Unprotected, tin will oxidize on the surface, if left undisturbed it can not oxidize further
as the oxygen can't get to it. The kitty litter on top makes a good insulator/barrier and
stops oxidation along with anything else laid on top that won't burn away

I never cast under 700° as I to like forsty. Seems that all my 6cav alum. molds Lee or otherwise needs 750-775° to produce good boolits and there are allways culls in the batch.

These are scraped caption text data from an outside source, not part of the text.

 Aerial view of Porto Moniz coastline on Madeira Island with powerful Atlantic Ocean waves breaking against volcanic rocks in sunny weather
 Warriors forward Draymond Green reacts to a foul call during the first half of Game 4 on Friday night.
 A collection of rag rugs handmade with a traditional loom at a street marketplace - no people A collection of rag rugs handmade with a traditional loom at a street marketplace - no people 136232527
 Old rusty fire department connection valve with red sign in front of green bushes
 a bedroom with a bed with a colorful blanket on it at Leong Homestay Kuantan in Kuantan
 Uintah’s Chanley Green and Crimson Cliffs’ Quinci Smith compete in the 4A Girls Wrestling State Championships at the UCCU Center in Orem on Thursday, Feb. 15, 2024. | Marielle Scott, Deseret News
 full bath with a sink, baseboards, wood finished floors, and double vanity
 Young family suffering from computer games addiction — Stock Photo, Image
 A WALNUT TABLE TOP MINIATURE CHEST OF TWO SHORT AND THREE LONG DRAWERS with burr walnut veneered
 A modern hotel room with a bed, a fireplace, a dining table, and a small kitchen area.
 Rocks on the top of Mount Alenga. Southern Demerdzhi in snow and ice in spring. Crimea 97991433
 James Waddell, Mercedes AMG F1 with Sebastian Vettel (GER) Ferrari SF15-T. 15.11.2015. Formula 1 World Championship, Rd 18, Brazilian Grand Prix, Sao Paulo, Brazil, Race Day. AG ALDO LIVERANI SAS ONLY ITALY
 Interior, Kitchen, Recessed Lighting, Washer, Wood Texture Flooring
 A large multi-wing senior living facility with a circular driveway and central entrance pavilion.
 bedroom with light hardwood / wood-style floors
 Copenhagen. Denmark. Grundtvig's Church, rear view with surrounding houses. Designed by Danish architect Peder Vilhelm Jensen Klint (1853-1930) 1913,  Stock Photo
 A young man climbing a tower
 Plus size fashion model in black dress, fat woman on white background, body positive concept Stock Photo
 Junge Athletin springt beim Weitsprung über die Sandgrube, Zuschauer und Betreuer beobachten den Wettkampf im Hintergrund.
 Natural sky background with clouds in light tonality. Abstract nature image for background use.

I started using kitty litter after hearing about it on the old ammio board many years ago and
have never looked back. I add the sprus/defective boolits thru the litter, when it is time to add alloy I put it in the pot thru the littler let it come to temp stur with a stick(flux) and go back to casting.

prs
05-02-2011, 02:30 PM
The answer is very simple. THE MOULD WAS TOO COLD BECAUSE YOU WERE CASTING TOO SLOW. Gear

LOL Well, I get the best harmony if I wait at least long enough for the spru to freeze. If you could see me cast, I doubt you would think slow. I typically blast through 60# of alloy by half time of a football game using two 6 cavity 250gr moulds. This session was with just the one mould and I was pushing it in regard to letting the spru freeze. Even at that, it seemed to me I was piddeling around looking at boolits for flaws and such because the alloy was not freezing quickly.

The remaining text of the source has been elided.